If you’re not in the top 1% in terms of brains, discipline, social aptitude, ruthlessness, lack of leaks, understanding of the game and so forth, going pro will end in disaster at worst, and treading water at best.  Roughly 10% of the players make money, but making money isn’t the same as being successful – you have to make enough to have a comfortable life and still maintain your bankroll.
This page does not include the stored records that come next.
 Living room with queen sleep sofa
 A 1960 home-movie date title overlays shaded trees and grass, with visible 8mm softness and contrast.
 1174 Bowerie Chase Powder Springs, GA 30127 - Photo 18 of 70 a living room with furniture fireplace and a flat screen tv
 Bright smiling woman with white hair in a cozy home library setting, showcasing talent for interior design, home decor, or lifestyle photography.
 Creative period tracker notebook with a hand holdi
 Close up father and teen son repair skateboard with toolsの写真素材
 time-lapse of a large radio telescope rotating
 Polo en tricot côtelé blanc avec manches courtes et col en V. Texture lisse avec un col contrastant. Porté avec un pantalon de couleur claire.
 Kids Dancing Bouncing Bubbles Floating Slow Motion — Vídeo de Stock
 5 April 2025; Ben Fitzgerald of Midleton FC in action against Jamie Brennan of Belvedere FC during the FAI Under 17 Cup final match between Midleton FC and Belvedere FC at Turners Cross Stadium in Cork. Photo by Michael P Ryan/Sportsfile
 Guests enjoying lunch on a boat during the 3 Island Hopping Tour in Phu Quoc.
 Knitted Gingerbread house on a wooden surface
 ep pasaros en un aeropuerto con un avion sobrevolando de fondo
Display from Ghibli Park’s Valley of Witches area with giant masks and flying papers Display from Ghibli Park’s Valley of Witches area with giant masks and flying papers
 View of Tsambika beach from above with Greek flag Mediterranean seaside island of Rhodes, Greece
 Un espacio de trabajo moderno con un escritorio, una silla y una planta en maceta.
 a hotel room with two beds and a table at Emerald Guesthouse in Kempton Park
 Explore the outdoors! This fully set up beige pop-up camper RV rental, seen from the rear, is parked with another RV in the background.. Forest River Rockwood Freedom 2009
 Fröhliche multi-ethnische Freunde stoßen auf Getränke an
This is a tricky thing to evaluate – our society isn’t set up to look for the top 1%. Schools, for example, almost always reward far more than 1% of the class with an “A” or whatever the top possible grade is. And outside of sales, very few professions attempt to distinguish between the merits of their top 5-10% of performers. So most people aren’t used to evaluating themselves or others not just for competence, but for unusual greatness. But if you want to make an intelligent decision about entering one of these backloaded careers, that’s exactly what you have to do. Some factors are easier to estimate than others. For example, an score of greater than 135 or so on a well designed an normalized IQ test would signify top 1% intelligence. Of course there’s no benefit to using some feal-good IQ test that gives everyone a score over 100, and everyone who can tie their shoes a score over 110. That’s just lying to yourself. Using an accurate value is for your own benefit here. Some of the other traits I named are more difficult to evaluate, but here’s one example: people with top 1% discipline have likely never placed a bet with negative expectation in their entire lives, at least since they learned about positive and negative expectation bets. No craps, blackjack (unless you were a well trained counter), roulette, sports or race book (without a well tested known-profitable system), slots or video poker. People with a top-1% “lack of leaks” have never touched a drug harder than alcohol, never drink at the table, have never given a cent to a stripper or hooker, and have never been suckered out of money by a conman or romantic interest. You should be able to come up with “tests” for the other attributes with a little thought.

Now of course you don’t have to be top 1% in every individual attribute to be a top-1% player overall. A football player who’s top-1% in terms of speed, agility, and strength for their body type each measured individually is an enormously rare find and almost certainly can find employment. However, you can expect that most top-1% individuals will be at least top quartile in everything, and top-1% or better than that in at least one thing. In other words, one bad attribute dooms an otherwise attractive package.

The good news with poker is that being semi-pro and semi-paid is OK. Converting a little recreation time into a little money is great when the rent isn’t on the line. And being in the top 10% is enough to make at least a little money. But if you’re seriously considering going pro, you need to ask yourself if you’re really in that top 1%. If not, your prospects as a pro are questionable at best.